Directions: From the listing below, set down exactly the lines between the one holding "레이저커팅기 레이저가공기 아크릴조각기" and the one holding "Family Reunion Backdrop", inclusive. No other line is wanted.

Exercise input:
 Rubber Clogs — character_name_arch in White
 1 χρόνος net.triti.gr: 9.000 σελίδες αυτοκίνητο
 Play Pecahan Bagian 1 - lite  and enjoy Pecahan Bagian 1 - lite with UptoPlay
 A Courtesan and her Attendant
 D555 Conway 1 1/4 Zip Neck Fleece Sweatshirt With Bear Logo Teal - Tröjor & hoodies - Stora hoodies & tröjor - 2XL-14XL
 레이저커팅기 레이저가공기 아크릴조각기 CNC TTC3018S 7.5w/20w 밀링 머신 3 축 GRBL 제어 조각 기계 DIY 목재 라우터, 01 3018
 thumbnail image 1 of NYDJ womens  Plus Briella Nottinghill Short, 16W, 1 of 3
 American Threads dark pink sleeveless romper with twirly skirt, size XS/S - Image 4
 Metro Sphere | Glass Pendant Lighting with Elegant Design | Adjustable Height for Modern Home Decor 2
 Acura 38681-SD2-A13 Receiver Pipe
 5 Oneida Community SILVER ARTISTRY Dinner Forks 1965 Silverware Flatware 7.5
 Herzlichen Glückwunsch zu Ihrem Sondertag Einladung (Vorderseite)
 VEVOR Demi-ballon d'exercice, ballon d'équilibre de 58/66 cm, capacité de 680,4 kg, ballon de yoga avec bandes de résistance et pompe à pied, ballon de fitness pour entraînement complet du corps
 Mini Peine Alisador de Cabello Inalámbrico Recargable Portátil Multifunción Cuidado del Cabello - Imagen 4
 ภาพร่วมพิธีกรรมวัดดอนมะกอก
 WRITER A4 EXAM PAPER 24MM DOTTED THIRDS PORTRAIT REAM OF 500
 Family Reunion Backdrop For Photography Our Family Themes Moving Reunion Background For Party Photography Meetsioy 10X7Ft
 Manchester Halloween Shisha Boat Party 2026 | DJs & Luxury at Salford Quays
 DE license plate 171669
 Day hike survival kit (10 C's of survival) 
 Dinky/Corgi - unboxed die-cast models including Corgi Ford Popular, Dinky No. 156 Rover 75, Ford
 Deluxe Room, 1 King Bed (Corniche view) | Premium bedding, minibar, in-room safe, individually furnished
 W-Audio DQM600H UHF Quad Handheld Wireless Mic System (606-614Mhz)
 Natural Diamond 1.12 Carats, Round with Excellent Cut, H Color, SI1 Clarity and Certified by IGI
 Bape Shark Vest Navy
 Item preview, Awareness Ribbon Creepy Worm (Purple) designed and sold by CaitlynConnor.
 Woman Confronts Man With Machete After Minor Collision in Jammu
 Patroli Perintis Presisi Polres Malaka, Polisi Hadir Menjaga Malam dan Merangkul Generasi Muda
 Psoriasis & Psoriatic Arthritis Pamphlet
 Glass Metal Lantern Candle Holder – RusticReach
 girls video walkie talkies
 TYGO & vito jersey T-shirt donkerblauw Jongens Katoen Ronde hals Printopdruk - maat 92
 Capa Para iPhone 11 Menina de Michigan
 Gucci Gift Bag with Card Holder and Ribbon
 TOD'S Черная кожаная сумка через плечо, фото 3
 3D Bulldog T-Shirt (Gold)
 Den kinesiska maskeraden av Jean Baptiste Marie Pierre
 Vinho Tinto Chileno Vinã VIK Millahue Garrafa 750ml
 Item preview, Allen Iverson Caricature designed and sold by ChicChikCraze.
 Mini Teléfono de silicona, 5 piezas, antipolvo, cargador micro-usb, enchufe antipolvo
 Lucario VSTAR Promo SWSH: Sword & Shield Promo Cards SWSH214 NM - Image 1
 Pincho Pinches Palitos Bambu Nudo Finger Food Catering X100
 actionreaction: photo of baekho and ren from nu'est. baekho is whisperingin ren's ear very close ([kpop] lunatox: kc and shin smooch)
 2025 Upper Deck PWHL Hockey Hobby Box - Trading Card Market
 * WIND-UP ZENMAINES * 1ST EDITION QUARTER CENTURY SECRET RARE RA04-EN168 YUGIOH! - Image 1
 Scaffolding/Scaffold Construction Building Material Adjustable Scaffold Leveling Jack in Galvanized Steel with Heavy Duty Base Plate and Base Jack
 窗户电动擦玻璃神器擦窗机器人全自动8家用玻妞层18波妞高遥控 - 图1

Solution for this exercise:
 레이저커팅기 레이저가공기 아크릴조각기 CNC TTC3018S 7.5w/20w 밀링 머신 3 축 GRBL 제어 조각 기계 DIY 목재 라우터, 01 3018
 thumbnail image 1 of NYDJ womens  Plus Briella Nottinghill Short, 16W, 1 of 3
 American Threads dark pink sleeveless romper with twirly skirt, size XS/S - Image 4
 Metro Sphere | Glass Pendant Lighting with Elegant Design | Adjustable Height for Modern Home Decor 2
 Acura 38681-SD2-A13 Receiver Pipe
 5 Oneida Community SILVER ARTISTRY Dinner Forks 1965 Silverware Flatware 7.5
 Herzlichen Glückwunsch zu Ihrem Sondertag Einladung (Vorderseite)
 VEVOR Demi-ballon d'exercice, ballon d'équilibre de 58/66 cm, capacité de 680,4 kg, ballon de yoga avec bandes de résistance et pompe à pied, ballon de fitness pour entraînement complet du corps
 Mini Peine Alisador de Cabello Inalámbrico Recargable Portátil Multifunción Cuidado del Cabello - Imagen 4
 ภาพร่วมพิธีกรรมวัดดอนมะกอก
 WRITER A4 EXAM PAPER 24MM DOTTED THIRDS PORTRAIT REAM OF 500
 Family Reunion Backdrop For Photography Our Family Themes Moving Reunion Background For Party Photography Meetsioy 10X7Ft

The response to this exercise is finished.